I'm using the v-usb for Arduino library Google Code Archive - Long-term storage for Google Code Project Hosting.. It contains a keyboard demo which I have copied to my /sketchbook/libraries folder. This compiles no problem. My only problem is that there is a usbconfig.h file that ships with the library that in my opinion should actually sit with the user sketch, since this file needs to be configured per sketch in principle. My problem is that the sketch doesn't compile if I copy the usbconfig.h file from the library folder into the sketch folder. The error I then get is: /sketchbook/libraries/UsbKeyboard/usbdrv.h:13:23: error: usbconfig.h: No such file or directory. This happens even though I have

#include "usbconfig.h"
#include "usbdrv.h"

at the top of the sketch.

So my question is how do I correctly separate user configuration from the library folder while maintaining the following sequence of includes:
User sketch #include a library file (usbdrv.h) residing in the libraries folder, the library file in turn #include a user supplied config file (usbconfig) located in the sketch folder?

You can work with a library and your sketch at the same time on the ide by using the tabs. Add a tab to your sketch named libname.h and a tab named libname.cpp (where libname is the library you want to work on). You still need to include them in your sketch. I don't know if they will conflict with installed libraries but if it does just delete the installed one. When you add or remove libraries or sketches you have to restart the IDE.

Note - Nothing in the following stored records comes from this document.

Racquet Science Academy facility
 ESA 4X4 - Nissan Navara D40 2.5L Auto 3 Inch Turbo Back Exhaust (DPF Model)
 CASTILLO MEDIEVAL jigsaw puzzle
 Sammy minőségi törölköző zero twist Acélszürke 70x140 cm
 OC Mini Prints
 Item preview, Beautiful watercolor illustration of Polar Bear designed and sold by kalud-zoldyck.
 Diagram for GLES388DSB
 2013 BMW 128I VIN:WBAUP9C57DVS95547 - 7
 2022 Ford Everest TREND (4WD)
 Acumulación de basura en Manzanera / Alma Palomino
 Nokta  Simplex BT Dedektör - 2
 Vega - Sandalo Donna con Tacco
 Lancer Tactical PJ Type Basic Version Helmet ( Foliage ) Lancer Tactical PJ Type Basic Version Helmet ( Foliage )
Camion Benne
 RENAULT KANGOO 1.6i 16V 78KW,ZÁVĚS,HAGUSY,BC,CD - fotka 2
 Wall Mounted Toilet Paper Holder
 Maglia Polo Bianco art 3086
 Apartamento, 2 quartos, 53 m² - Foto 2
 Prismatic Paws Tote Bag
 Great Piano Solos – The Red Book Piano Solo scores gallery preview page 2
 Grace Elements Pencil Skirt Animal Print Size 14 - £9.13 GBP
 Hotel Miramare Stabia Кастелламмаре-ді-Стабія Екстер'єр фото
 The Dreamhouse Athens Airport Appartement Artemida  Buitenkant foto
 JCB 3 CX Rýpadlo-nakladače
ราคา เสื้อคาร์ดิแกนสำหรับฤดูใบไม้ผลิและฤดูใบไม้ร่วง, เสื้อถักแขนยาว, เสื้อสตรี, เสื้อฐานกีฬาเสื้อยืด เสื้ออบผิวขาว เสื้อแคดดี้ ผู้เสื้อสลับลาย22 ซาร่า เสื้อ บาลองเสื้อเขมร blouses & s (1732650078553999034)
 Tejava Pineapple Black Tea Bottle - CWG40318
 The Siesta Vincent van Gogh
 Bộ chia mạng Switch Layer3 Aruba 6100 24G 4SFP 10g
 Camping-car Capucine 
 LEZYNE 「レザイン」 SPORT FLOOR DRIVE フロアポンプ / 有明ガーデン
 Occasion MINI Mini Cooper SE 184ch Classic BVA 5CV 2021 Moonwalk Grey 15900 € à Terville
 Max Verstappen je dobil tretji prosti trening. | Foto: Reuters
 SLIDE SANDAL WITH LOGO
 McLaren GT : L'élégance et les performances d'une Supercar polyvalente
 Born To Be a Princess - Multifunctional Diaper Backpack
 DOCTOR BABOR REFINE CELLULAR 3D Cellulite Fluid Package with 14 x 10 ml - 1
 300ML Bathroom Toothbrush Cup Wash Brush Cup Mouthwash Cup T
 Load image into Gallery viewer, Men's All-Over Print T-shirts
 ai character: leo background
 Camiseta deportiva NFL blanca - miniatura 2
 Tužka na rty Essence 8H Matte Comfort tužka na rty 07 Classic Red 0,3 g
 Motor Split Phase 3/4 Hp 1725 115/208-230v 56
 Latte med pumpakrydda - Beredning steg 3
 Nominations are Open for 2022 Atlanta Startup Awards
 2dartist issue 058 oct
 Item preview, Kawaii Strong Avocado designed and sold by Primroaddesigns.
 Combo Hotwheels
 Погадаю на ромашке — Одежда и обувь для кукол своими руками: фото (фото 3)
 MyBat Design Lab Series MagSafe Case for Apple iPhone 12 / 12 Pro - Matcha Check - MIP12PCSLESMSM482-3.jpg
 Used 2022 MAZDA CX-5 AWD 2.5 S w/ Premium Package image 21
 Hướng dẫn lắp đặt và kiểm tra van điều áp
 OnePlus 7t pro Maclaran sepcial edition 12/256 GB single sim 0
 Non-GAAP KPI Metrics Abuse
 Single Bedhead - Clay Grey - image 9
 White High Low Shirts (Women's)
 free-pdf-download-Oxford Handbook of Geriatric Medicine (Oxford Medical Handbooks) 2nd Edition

Is that what you were asking?

There are two ways to include a header file:

#include "header.h"

and

#include <header.h>

Which symbols you use determines where the file is looked for. Experiment on your own to determine which is appropriate for what you want to do.

PaulS:
There are two ways to include a header file:

#include "header.h"

and

#include <header.h>

Which symbols you use determines where the file is looked for. Experiment on your own to determine which is appropriate for what you want to do.

From a standards point of view, the angle brackets is for system files, and the double quotes is for files local to the project.

Include the settings file before including the library, however only the library .h will see the contents.
If you are not using template/inline code ( that normally is defined in the header ) you will not have any luck as .cpp files in the libraries are compiled independent of your sketch, so in reality the library .cpp is an object file before your sketch reaches the compiler.

Thank you for the replies. I suspect that pYro_65 is very close to the root of my problem.